歌おうぜいえーい

ちかま
·

 声は天が与えたもうた一点ものの楽器なのだそうだ──と高校の音楽の先生がおっしゃっておられたことを覚えている。いや、ここまで大仰な言葉は使っていなかったけど。でも、その楽器を嫌ったとて取り替えるわけにもいかないので、自分の「楽器」のことを好きになれないヒトにとっては結構負担になる言葉なのではないか?とか考えていた。先生だからもちろん「……だから大切にしてね」って言葉で〆ていた気がする。そこははっきりと覚えてはいない。

 そんな前振りをしつつ。自分は我が声のことは嫌っていないタイプである。よく通るし便利だな〜と思う。僕が呼び止めて振り返らなかったファミレス店員はいない、と豪語できるくらいには。あと同性の兄弟と声クッソ似てんな……と思うのが先行して好き嫌いとかになかなかたどりつかない。

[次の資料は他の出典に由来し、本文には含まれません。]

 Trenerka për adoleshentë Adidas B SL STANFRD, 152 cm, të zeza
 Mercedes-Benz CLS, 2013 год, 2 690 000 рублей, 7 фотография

 事実として、高校時代は僕が云々というより生徒全員比較的歌が上手かった。校歌三部合唱とかしてたし。というかみんな真面目に歌ってたというのが1番すごいんじゃないかと思う。

 そんな生徒全員の歌唱力を増強した先生だったので、外国語歌曲を歌ったり、普通に発声指導とか……とかく、遊びではない音楽の授業だった。いい思い出と共に、今でも使っている技術である。

 それを使って平日に有給使って行くのはカラオケである。単純に、金曜夜〜祝日休日は料金が高いので平日がチャンスだ。おひとり様万々歳。

 ドリンクバーのお茶などを舐めながらひたすらに歌う。というか歌の練習に行くというのが正しい。いや別にバンドやってるわけでも何かしら歌配信活動をしているわけではないけど。

 みたいな文章を書いてたら、インターネットの友人が「ちかまさん絶対ニコ生とかやってたと思ってた」と宣ったことを唐突に思い出した。思い出すだけで面白い。あの、やってません。やったことないです。曰く「はい〇〇さんこんばんは〜」などの挨拶の言い慣れてる感が異常だったらしい。でもみんなさ、人生で1回はラジオパーソナリティごっことかするでしょ?ねえ?

 一人カラオケの話に戻ろう。もちろん練習なので採点を入れて、同じ曲を何度も音外さないように気をつけて。「まあ自分……まあまあ歌が上手いかもしれんな〜その辺に歩いている人より……」と若干以上自惚れながらマイクを握る。

 歌うのは気持ちがいい。上手く歌えれば尚更。歌い方に気を付けるたびに、高校時代のあの広い、でもボロい音楽室を思い出す。